▶ [Goal of the exercise]: Retype nothing but the lines from the start of the material up to and including the line with "Everything I Own - Bread.wmv". Pictures don't belong in the copy.

▶ [Provided entries]:
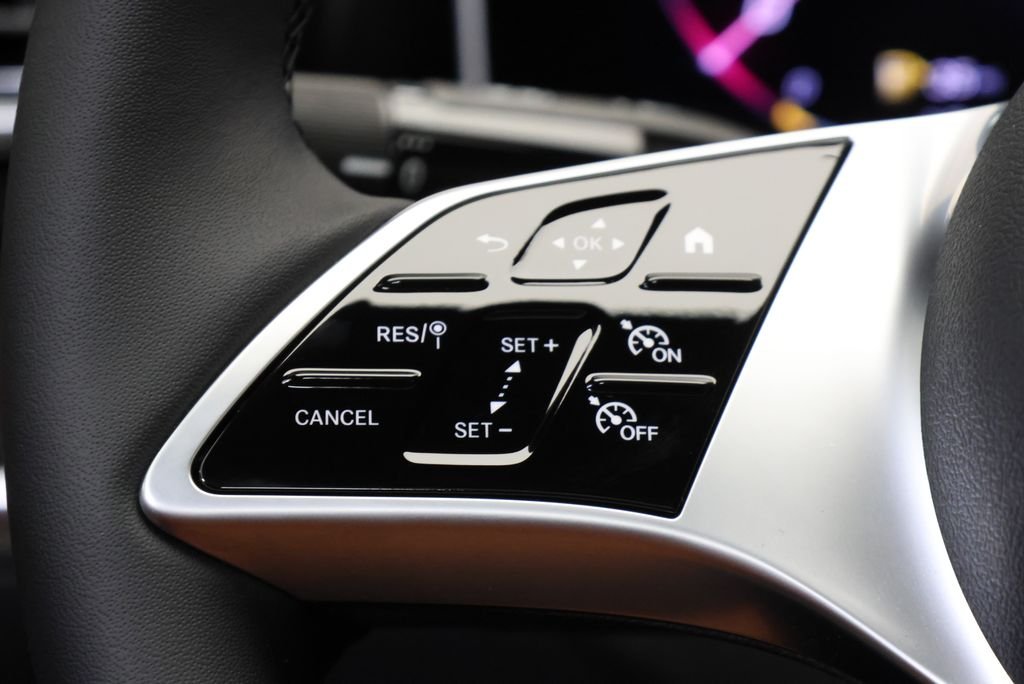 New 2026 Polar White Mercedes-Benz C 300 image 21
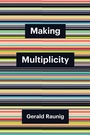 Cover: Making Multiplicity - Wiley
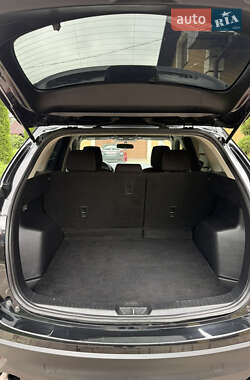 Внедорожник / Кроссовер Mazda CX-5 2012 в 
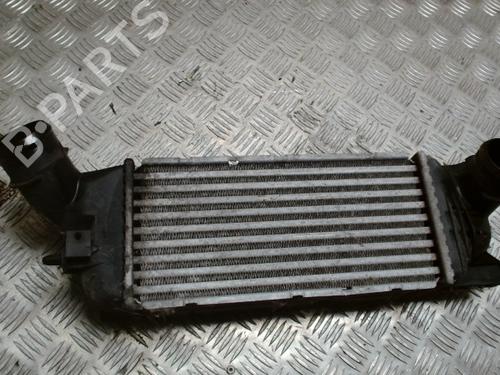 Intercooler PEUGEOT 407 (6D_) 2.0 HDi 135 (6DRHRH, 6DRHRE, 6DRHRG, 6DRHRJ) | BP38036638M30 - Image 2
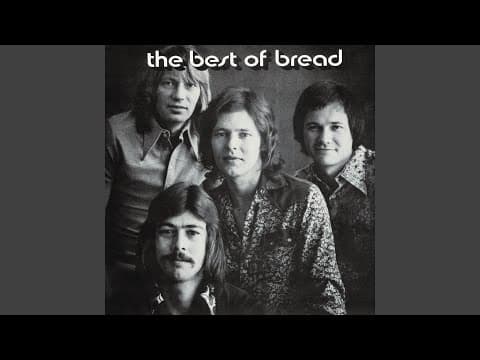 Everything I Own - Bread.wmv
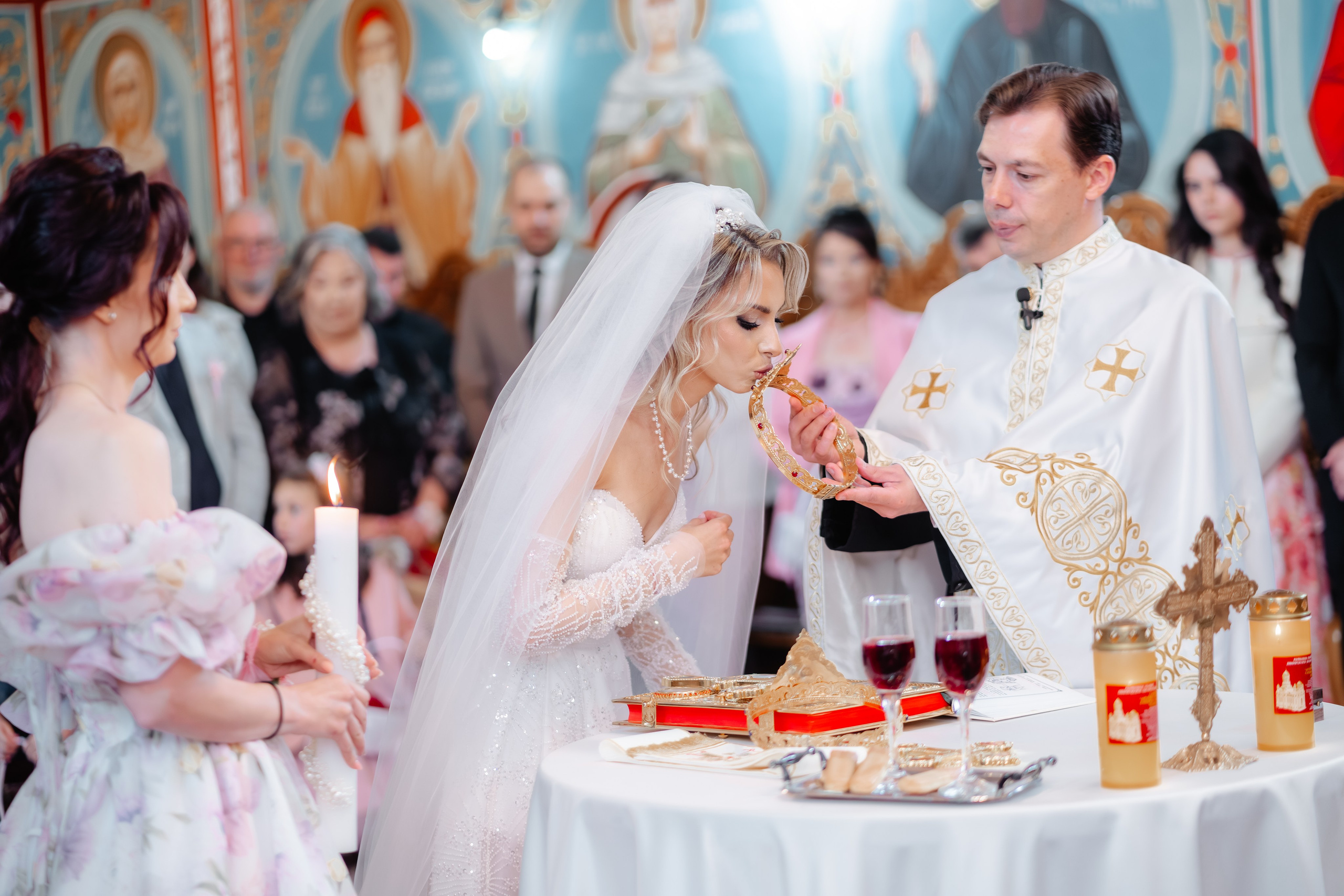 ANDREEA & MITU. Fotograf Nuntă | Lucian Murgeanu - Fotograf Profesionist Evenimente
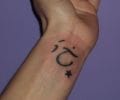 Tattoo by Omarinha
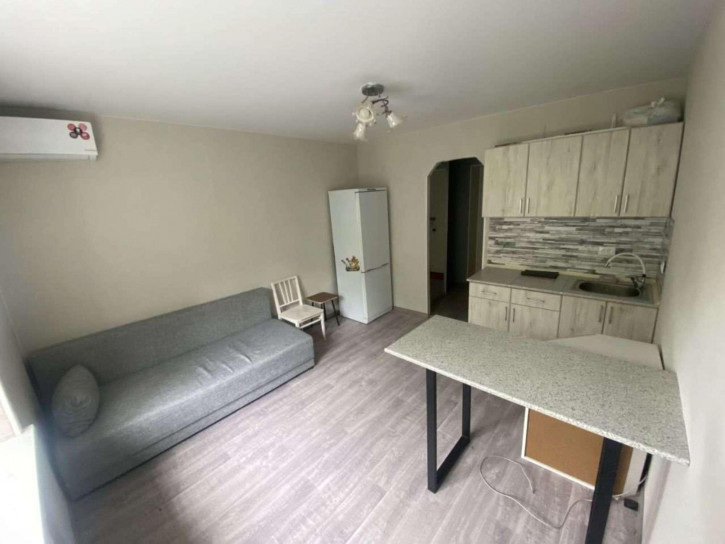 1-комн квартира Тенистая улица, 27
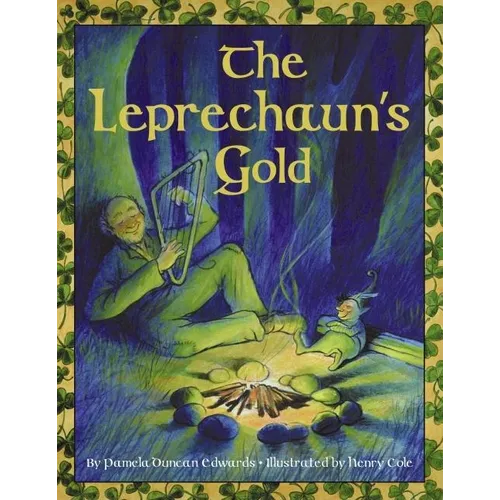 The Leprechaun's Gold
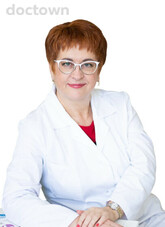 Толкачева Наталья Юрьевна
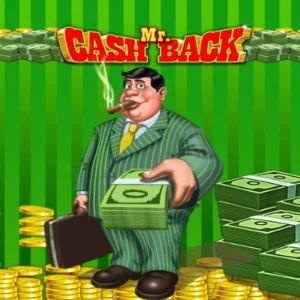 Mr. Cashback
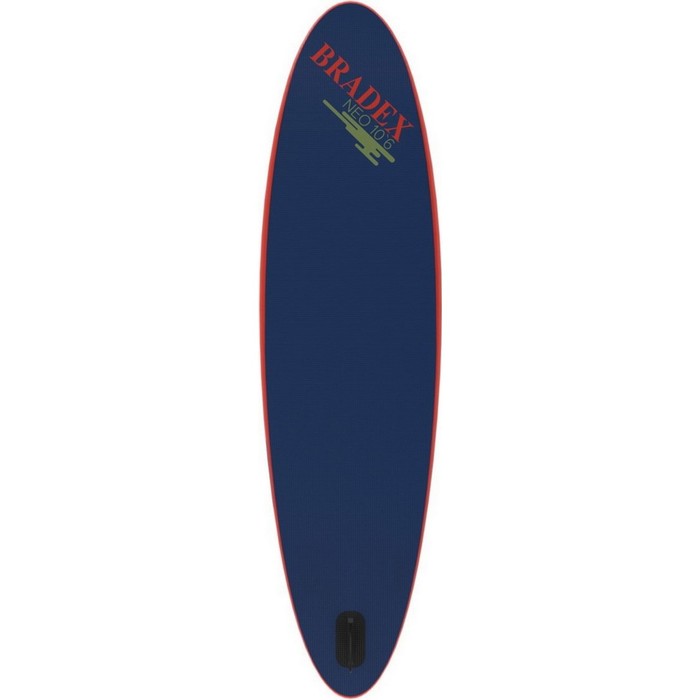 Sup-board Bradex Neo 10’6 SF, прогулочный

▶ [Answer to this task]:
 New 2026 Polar White Mercedes-Benz C 300 image 21
 Cover: Making Multiplicity - Wiley
 Внедорожник / Кроссовер Mazda CX-5 2012 в 
 Intercooler PEUGEOT 407 (6D_) 2.0 HDi 135 (6DRHRH, 6DRHRE, 6DRHRG, 6DRHRJ) | BP38036638M30 - Image 2
 Everything I Own - Bread.wmv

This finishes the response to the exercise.